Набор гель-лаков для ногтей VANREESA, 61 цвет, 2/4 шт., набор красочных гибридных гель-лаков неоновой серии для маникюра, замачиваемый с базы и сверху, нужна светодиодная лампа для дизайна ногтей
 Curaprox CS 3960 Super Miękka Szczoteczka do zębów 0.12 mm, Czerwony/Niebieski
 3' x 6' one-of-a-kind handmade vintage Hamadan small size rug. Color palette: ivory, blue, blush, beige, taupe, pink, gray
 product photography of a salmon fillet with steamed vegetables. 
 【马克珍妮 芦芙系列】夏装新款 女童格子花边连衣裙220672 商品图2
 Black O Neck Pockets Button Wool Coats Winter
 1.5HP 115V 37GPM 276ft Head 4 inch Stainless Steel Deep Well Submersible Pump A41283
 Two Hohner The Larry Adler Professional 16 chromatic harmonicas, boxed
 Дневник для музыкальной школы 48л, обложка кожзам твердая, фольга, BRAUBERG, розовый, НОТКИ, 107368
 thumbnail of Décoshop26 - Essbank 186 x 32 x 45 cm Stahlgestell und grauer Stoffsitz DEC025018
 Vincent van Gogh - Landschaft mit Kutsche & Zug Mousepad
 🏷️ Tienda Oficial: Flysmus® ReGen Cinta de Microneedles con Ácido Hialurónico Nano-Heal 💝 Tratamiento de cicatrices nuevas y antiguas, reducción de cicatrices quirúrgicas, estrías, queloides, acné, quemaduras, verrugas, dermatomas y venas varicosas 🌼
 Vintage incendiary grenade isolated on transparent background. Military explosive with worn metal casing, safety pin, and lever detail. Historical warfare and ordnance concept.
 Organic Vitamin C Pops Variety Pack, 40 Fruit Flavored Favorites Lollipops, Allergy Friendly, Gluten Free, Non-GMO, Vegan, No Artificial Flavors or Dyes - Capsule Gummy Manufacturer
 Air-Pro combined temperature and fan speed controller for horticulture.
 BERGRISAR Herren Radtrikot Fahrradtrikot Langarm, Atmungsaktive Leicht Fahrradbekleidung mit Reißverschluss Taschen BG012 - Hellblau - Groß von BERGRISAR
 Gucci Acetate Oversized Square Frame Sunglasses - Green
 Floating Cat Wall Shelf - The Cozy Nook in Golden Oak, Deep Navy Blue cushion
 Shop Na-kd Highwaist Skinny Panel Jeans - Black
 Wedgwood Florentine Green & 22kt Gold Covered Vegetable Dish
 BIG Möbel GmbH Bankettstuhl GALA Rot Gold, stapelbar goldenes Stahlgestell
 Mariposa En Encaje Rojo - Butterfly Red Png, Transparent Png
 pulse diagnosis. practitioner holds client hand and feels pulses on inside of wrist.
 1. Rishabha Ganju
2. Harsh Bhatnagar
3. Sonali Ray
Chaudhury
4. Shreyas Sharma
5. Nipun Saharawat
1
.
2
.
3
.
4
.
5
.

> [Exercise details]
Using the records above, report each line with the string "Stahlgestell".

> [Output below]
 thumbnail of Décoshop26 - Essbank 186 x 32 x 45 cm Stahlgestell und grauer Stoffsitz DEC025018
 BIG Möbel GmbH Bankettstuhl GALA Rot Gold, stapelbar goldenes Stahlgestell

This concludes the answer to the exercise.